Data extracts:
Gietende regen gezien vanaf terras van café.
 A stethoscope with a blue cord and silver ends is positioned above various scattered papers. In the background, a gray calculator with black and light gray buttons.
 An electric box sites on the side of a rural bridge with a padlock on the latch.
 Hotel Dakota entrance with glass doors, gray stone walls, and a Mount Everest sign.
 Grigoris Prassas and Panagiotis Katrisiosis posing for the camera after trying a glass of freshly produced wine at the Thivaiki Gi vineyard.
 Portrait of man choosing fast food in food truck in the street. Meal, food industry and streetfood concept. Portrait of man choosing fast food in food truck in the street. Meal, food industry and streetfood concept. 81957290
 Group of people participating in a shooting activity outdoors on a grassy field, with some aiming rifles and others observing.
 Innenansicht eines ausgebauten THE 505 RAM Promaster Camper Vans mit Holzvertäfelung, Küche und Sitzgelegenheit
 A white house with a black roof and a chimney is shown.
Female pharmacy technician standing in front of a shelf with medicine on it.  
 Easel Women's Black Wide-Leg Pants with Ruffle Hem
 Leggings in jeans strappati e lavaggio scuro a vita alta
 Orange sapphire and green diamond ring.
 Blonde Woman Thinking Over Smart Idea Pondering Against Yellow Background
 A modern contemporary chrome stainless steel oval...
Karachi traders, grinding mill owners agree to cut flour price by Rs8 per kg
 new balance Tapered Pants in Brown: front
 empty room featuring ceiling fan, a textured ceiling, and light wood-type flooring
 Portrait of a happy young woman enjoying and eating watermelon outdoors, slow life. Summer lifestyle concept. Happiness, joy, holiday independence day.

Work instructions: Of the lines above, output exactly those from the line bearing "Easel Women's Black" through the line bearing "empty room featuring", inclusive.

Answer box:
 Easel Women's Black Wide-Leg Pants with Ruffle Hem
 Leggings in jeans strappati e lavaggio scuro a vita alta
 Orange sapphire and green diamond ring.
 Blonde Woman Thinking Over Smart Idea Pondering Against Yellow Background
 A modern contemporary chrome stainless steel oval...
Karachi traders, grinding mill owners agree to cut flour price by Rs8 per kg
 new balance Tapered Pants in Brown: front
 empty room featuring ceiling fan, a textured ceiling, and light wood-type flooring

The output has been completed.